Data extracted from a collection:

::::

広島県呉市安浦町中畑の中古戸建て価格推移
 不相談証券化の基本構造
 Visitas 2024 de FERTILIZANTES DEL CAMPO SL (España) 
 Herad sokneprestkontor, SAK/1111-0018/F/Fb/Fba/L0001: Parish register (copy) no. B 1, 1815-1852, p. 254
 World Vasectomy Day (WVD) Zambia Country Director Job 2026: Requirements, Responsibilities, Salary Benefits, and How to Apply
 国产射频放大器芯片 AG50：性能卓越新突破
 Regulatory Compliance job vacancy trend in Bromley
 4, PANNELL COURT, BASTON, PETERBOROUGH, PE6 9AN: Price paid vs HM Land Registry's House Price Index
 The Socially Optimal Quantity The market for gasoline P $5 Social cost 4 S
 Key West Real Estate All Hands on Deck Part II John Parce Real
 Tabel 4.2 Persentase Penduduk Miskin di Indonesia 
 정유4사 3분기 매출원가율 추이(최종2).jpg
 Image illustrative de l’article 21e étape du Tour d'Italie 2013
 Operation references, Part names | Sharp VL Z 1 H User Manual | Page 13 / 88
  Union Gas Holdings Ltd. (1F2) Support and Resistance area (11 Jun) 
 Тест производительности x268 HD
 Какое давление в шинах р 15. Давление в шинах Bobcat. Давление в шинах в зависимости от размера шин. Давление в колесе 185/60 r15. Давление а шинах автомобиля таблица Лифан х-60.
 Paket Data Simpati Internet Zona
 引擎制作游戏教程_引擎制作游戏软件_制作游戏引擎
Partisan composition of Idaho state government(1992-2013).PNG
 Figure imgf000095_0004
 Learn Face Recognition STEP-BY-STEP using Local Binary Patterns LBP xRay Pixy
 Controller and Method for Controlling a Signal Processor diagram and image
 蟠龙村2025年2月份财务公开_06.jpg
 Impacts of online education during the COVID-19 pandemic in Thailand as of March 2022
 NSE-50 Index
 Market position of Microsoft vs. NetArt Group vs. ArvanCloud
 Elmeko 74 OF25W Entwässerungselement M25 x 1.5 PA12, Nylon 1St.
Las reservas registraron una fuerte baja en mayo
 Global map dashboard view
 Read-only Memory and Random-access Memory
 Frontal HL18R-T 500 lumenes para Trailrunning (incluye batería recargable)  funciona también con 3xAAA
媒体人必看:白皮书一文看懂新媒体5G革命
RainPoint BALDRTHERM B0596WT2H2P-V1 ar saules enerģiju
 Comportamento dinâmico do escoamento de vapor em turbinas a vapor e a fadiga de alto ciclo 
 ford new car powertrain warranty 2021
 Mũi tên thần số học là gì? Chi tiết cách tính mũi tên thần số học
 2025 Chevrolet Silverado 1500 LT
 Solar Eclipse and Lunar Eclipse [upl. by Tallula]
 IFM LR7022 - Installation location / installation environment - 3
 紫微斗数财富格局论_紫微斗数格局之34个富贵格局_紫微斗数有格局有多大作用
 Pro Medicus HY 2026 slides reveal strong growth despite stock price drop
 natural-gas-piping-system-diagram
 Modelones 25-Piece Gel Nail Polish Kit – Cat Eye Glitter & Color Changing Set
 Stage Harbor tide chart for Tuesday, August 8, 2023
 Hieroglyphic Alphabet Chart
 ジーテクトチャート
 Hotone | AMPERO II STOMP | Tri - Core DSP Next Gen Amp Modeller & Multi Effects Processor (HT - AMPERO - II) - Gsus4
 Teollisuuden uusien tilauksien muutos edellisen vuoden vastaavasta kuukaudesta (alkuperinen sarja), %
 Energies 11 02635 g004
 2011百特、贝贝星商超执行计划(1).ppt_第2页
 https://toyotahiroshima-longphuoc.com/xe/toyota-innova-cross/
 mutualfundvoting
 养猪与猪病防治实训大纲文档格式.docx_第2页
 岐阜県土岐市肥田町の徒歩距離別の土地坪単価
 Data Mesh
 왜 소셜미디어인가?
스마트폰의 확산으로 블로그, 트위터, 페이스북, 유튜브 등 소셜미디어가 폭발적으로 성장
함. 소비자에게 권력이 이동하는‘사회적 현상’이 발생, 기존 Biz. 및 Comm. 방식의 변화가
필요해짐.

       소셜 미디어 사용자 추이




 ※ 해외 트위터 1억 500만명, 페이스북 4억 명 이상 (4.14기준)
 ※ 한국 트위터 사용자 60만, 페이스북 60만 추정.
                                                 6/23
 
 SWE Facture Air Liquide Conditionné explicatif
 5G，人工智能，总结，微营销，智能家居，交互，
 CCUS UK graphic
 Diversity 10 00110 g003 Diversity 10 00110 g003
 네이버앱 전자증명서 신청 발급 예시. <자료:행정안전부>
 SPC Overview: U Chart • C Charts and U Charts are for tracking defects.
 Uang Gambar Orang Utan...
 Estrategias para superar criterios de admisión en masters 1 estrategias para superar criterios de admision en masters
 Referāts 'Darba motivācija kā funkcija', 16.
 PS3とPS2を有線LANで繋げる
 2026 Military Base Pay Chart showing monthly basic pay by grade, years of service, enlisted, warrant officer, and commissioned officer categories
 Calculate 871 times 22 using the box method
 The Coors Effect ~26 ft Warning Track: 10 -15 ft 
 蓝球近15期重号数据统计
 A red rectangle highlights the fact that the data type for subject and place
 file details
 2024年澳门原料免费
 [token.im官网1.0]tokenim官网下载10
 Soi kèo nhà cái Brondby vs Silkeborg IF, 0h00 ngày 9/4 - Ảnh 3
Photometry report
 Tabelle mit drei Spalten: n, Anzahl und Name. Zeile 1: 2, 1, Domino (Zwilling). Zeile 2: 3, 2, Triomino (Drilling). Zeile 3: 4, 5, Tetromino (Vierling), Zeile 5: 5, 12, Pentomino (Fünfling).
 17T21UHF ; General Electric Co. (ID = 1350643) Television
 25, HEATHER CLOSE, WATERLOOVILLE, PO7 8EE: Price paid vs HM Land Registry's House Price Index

::::

EXERCISE INSTRUCTIONS: If a line of the data contains "House", copy it out.

ANSWER TO THE PROBLEM:
 4, PANNELL COURT, BASTON, PETERBOROUGH, PE6 9AN: Price paid vs HM Land Registry's House Price Index
 25, HEATHER CLOSE, WATERLOOVILLE, PO7 8EE: Price paid vs HM Land Registry's House Price Index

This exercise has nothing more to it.